U.S. Medium Tank M4A3E8 Sherman "Easy Eight" w/ T66 Tracks.
Reviewed by Brett Green
For several decades, it seemed that kit manufacturers had their attention focused solely on German military vehicles of the Second World War.
In the 21st century, however, we have seen more variety in new releases, with the trend toward Allied and Modern subjects accelerating noticeably in the last few years.
Tasca has been a classic example of this trend. Following their initial releases of the German Pz.Kpfw. II Ausf. L Luchs, the main focus of subsequent kit releases has been a standard-setting series of Shermans.
The latest in Tasca’s Sherman line is the M4A3E8 Sherman “Easy Eight” with T66 Tracks.
The M4A3 was the first Sherman variant to feature HVSS (Horizontal Volute Spring Suspension) as factory fitted equipment. HVSS suspension was equipped with wider tracks to distribute weight more evenly. These wider tracks allowed more armour to be fitted and offered a more comfortable ride for the crew, but also required narrow track guards to be fitted to the sides of the hull. With its experimental E8 designation, the smooth ride of the HVSS led to the nickname Easy Eight for this Sherman variant. The M4A3E8 first entered service in Northern Europe during December 1944, and the variant continued in the front lines post-war, including service in Korea.
The new kit comprises around 500 parts in dark green plastic, 280 parts in black plastic, 16 parts in clear, 24 clear polythene caps, a photo-etched fret and markings for five vehicles.
Tasca’s 1:35 scale M4A3E8 delivers quite a few significant firsts to their Sherman series. There is a new variant of the T23 turret with the oval loader’s hatch and subtle cast texture. The running gear includes the later Horizontal Volute Spring Suspension (HVSS) suspension units, and workable two part individual link T66 tracks. This is a bit of a change compared to the flexible length tracks provided with Tasca’s VVSS Shermans. Each part is attached via three fine sprue connectors, and the only ejector pin circles are on the inside mating surfaces of the links, so they will not be visible when assembled.
Each HVSS unit is made up from 17 pieces, and will be articulated when assembled. Note that the idler wheel mount, parts M12, are also workable track tensioners. Do not glue these parts in place, as you will need to swing the arms to tighten the track when it is installed.

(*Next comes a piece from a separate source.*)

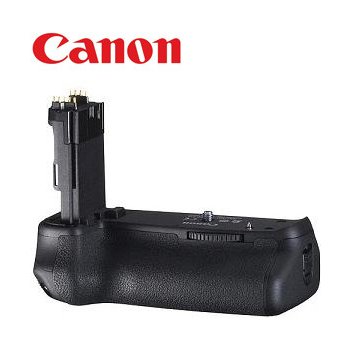 Bateriový grip Canon BG-E13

All of the other key features of the M4A3E8 are depicted too, including the 47° glacis hull with the enlarged hatches, the correct rear deck configuration, two styles of 76mm gun barrel, plus an optional muzzle brake. Appliqué armour is not provided.
The clear Commander’s cupola is offered as an option. This is ideal for modellers who want to mask off the vision blocks for a very realistic result. For those who prefer to paint their vision blocks, a solid green plastic cupola is also supplied. Periscopes and light lenses are provided as clear parts too.
The lower hull is made up from Tasca’s familiar “flat pack” arrangement of separate floor, sides and interior bulkheads.
The M2 .50 cal machine gun has been seen in earlier releases. This is a little gem. The .50 cal may be mounted on the cupola or stowed on the back of the turret. Jerry cans are supplied too.
The modest photo-etched fret includes brush guards for the lights and periscopes.
Five marking options are provided for U.S. Army vehicles in northwest Europe from February to April 1945. All five are finished in overall Olive Drab.
Tasca continues to work its way diligently through the major variants of the M4 Sherman. Their 1:35 scale 1:35 U.S. Medium Tank M4A3E8 Sherman “Easy Eight” with T66 Tracks is a wonderful example of the model manufacturer’s art.
With more than 800 parts, this kit will demand some time and attention but, if earlier Tasca releases are anything to go by, there should not be any traps for the unwary modeller.
What will Tasca tackle next? Roll on down that Sherman road!